Roscommon Courthouse is a judicial facility located on Abbey Street, Roscommon, County Roscommon, Ireland.

History
The courthouse, which was designed by Sir Richard Morrison in the neoclassical style and built in ashlar stone, was completed in 1832. It was built beside the new gaol (now the site of Roscommon garda station) to replace the previous courthouse, which is now known as Harrison Hall and which currently houses a branch of the Bank of Ireland. The courthouse was gutted by a major fire on the evening of Wednesday 14 June 1882. The fire was started accidentally when a gas leak was ignited in the courthouse. A half-gale was blowing that evening, and within half an hour the building was in flames. When the roof collapsed in the conflagration, the sparks were carried by the strong winds to the roofs of nearby thatched houses, and the fire continued to spread. All of the thatched houses in the vicinity were quickly destroyed.

The courthouse was restored under the architectural guidance of Christopher Mulvany in 1883. The building was originally used as a facility for dispensing justice but, following the implementation of the Local Government (Ireland) Act 1898, which established county councils in every county, it also became the meeting place for Roscommon County Council.

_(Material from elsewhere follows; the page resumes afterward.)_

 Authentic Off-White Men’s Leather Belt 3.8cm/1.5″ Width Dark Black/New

The county council moved to Áras an Chontae in December 2015, leaving the courthouse for the sole use of Roscommon Circuit and District Courts.

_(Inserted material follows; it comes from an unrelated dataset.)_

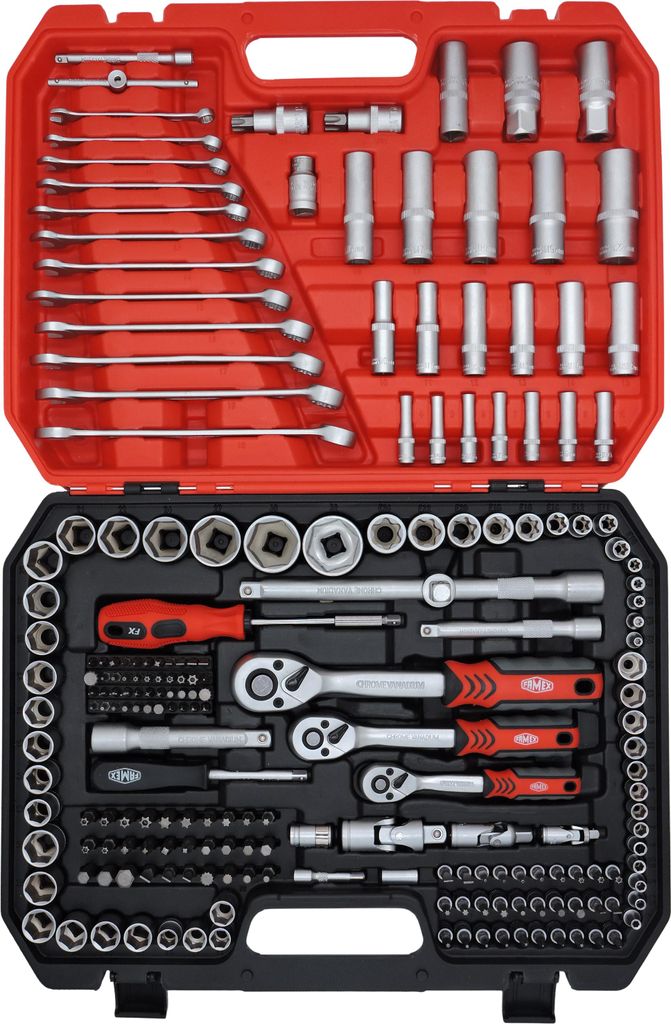 FAMEX 555-50 Steckschlüsselsatz 219-tlg, 1/4" und 1/2" CR-V Ratschenkasten, mit Bits, Verlängerungen und Adaptern, Werkzeug Set für Auto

In December 2022, due to the dilapidated condition of the courthouse, the sittings of Roscommon Circuit and District Courts were moved to a temporary facility in the former Fairyland dance hall on the Racecourse Road. The Courts Service has indicated its intention to refurbish the courthouse when funding becomes available.

Architecture
The design involves a symmetrical main frontage with five bays facing Abbey Street; the central section of three bays, which slightly projects forward, features a short flight of steps leading up to a hexastyle portico with Doric order columns supporting an entablature and a frieze. There are three sash windows on the first floor and a cornice and a cupola at roof level.

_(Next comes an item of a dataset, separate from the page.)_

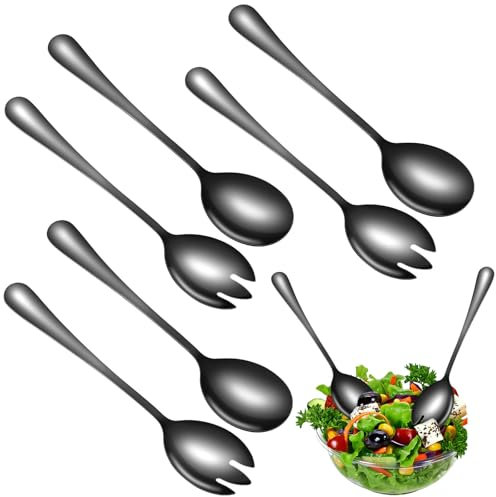 6 Stück Salatbesteck Edelstahl Vorlegebesteck, Schwerlast Salatbesteck Schwarz Hochglanzpoliert Salatlöffel, 20cm Servierlöffel Edelstahl, Salat Besteck Set für Familie, Hotels, Restaurants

There is a mosaic of the Roscommon crest on the floor of the entrance lobby, which is a reminder of Roscommon's former mosaic industry. There is a large portrait of Douglas Hyde, the first president of Ireland, hanging over the main staircase.
 
The courthouse was originally built with a tunnel leading to the adjacent gaol, for the easy transfer of prisoners. The gaol has long since closed, been demolished and replaced with Roscommon Garda station. However, the courthouse end of the tunnel remains in place.